It is natural that in the post world War II biographies of artists there
is going to be a shift in emphasis as compared to the renaissance.
Among American artist there are many who died young (for example
Arshile Gorky's suicide, Jackson Pollock's car accident) or drank and
took drugs. These same shifts have occurred in pop culture and
literature, but the significance lies elsewhere - the symbolic
elements have shifted from birth to death and in the direction of
tragic signs (sickness, childhood abuse, the death of someone dear
etc.). If previously birth had been the prelude to life, then in the
second half of the 20th century, life itself had become a prelude to
death. It is true that in previous centuries there were many artists
who had short lives but their premature death had never been
fetishized to the extent it is now.
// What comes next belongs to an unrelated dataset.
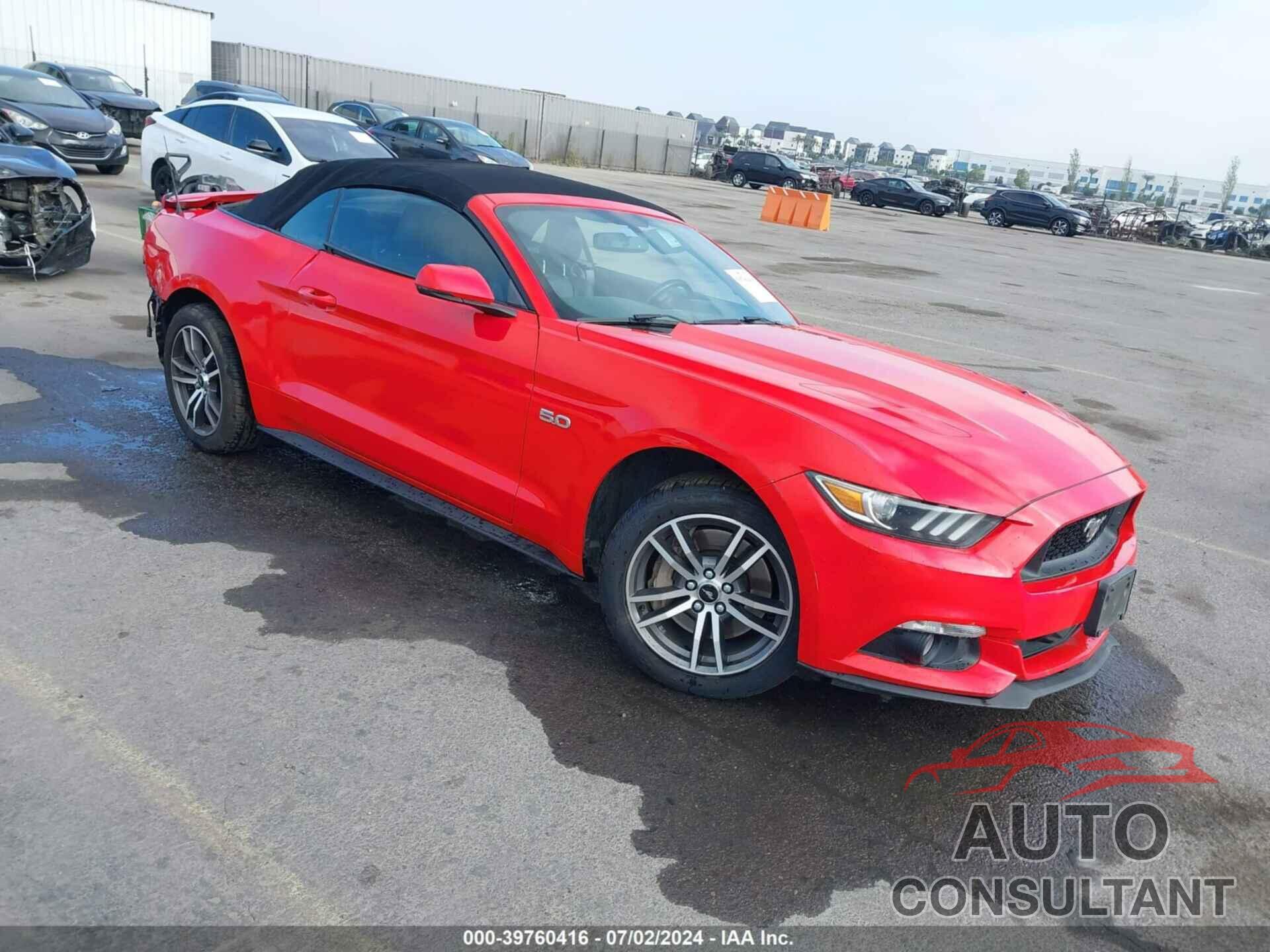 FORD MUSTANG 2016 - 1FATP8FF8G5247336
By way of comparison, we can look
at the sicknesses and deaths inspired by romanticism. This is, to be
sure, more prevalent in literature. In the world of art the
best-known example of it would be the life of van Gogh.
Two examples from the beginning of the introductory materials for an
exposition in the Washington National Gallery are sufficient to
demonstrate the above:
«Rothko, who committed
suicide at age sixty-six, was born in Dvinsk, Russia, and immigrated
to the United States at age ten. After two years of liberal arts
study at Yale University, he moved to New York, ...» the
introduction to Jackson Pollock begins with the announcement of his
death, which appeared 20 August 1956 in Time Magazine.2
To summarize the basic points of the heroic artist's
biography:
- the hero demonstrates talent at an early
age
- often poor from a lower social class
- undergoes a turning point through meeting a helper, advisor, teacher
(this provides a bipolarity to the biography whereby the artist's
personality is allowed to rise out of his humble beginnings and the
raising up is carried out by the helper)
- premonitions and the helper/guide is present at the beginning of all
biographies.
It is through these elements that we are
convinced that the artist is not like other ordinary people, and,
after all, the artist in any society can allow himself something more
than others can. In this way the hero motif is connected to the
artist myth.
The birth of Michelangelo assumes truly
mythic proportions in the biography by Vasari:
At that time, while the diligent and chosen spirits, helped by that
enlightenment which Giotto and his followers had created, hoped to
demonstrate those talents to the world with which auspicious stars
and their own equilibrate nature had provided them ... the great
Heavenly lawgiver looked down and upon seeing the vain and fruitless
exertions and arrogant opinions of men which verily were further from
truth than light is from dankness, decided in order to free them of
these faults to send a genius equal in all arts into the world. God
equipped him with a just and moral philosophy and a pleasing poetic
disposition so that the whole world would be enchanted with the
outstanding and uniqueness of his life and work and all his
achievements and that they would seem rather divine in origin than
earthly.
Tuscany has always been at the forefront of
the painting, sculpting and architectural arts and Firenze was the
Italian city, more than any other, for her crowning achievements,
worthy of being the birthplace of such a citizen. And so in the year
1474 the honourable and virtuous wife of Ludovico di Lionardo
Buonarrotti Simone gave birth to a son under most auspicious stars.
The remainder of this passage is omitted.